▸ **EXERCISE GOAL**
Each line of data below must be printed exactly as written, with any pictures removed.

▸ **DATA SHOWN**
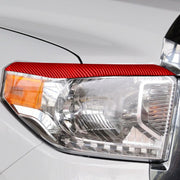 2 PCS / Set Carbon Fiber Car Headlight Eyebrow Decorative Sticker for Toyota Tundra 2014-2018,Left and Right Drive Universal(Red)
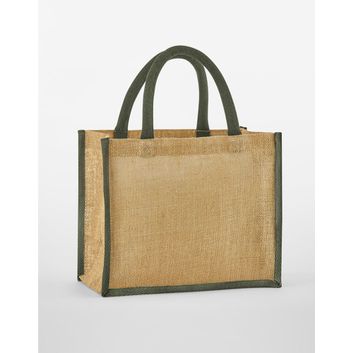 Westford Mill Natural Starched Jute Midi Tote Natural/Olive Green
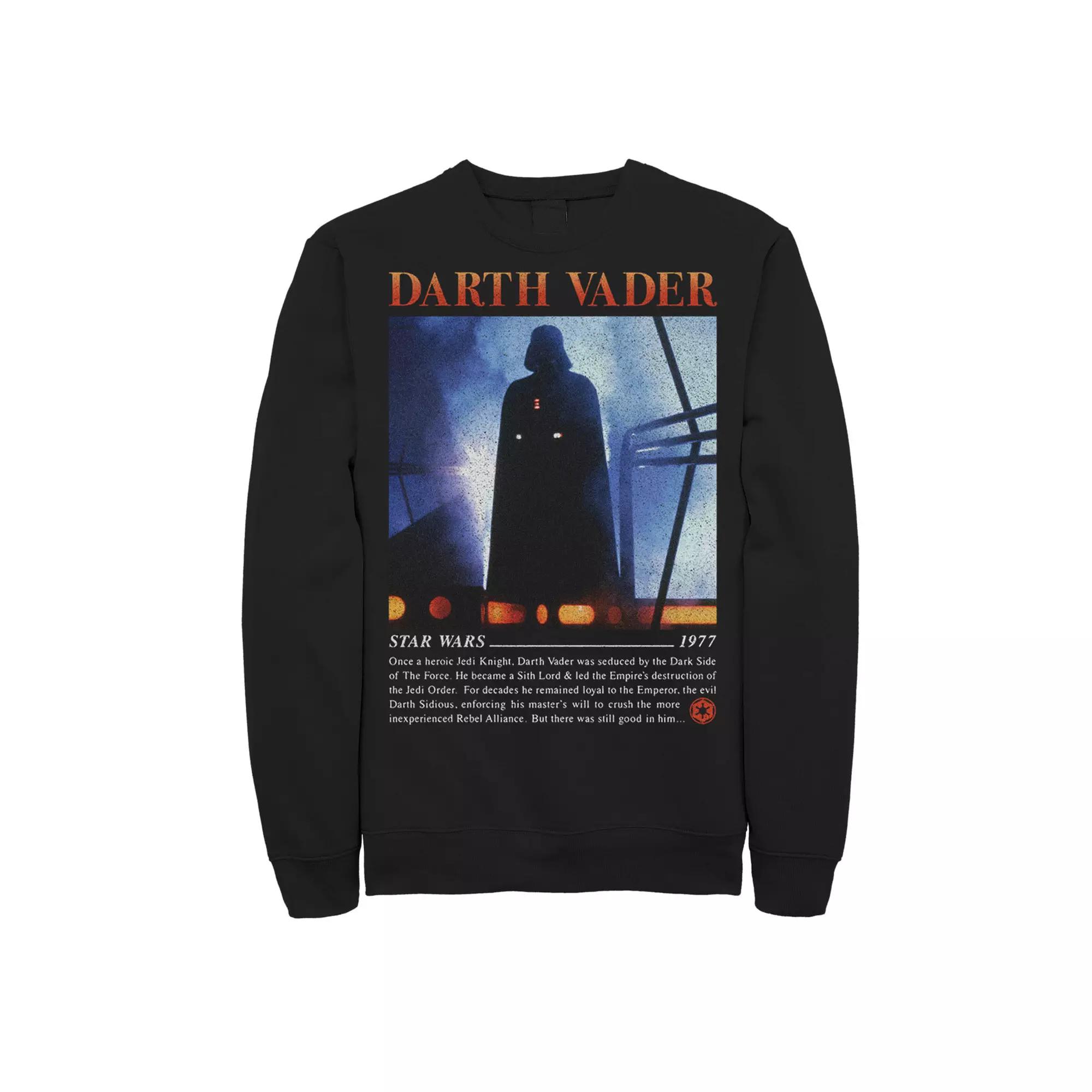 Big & Tall Star Wars Darth Vader Movie Poster Star Wars 1977 Sweatshirt, Men's, Size: 3XL Tall, Black Product Image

▸ **RESULT OF THIS EXERCISE**
 2 PCS / Set Carbon Fiber Car Headlight Eyebrow Decorative Sticker for Toyota Tundra 2014-2018,Left and Right Drive Universal(Red)
 Westford Mill Natural Starched Jute Midi Tote Natural/Olive Green
 Big & Tall Star Wars Darth Vader Movie Poster Star Wars 1977 Sweatshirt, Men's, Size: 3XL Tall, Black Product Image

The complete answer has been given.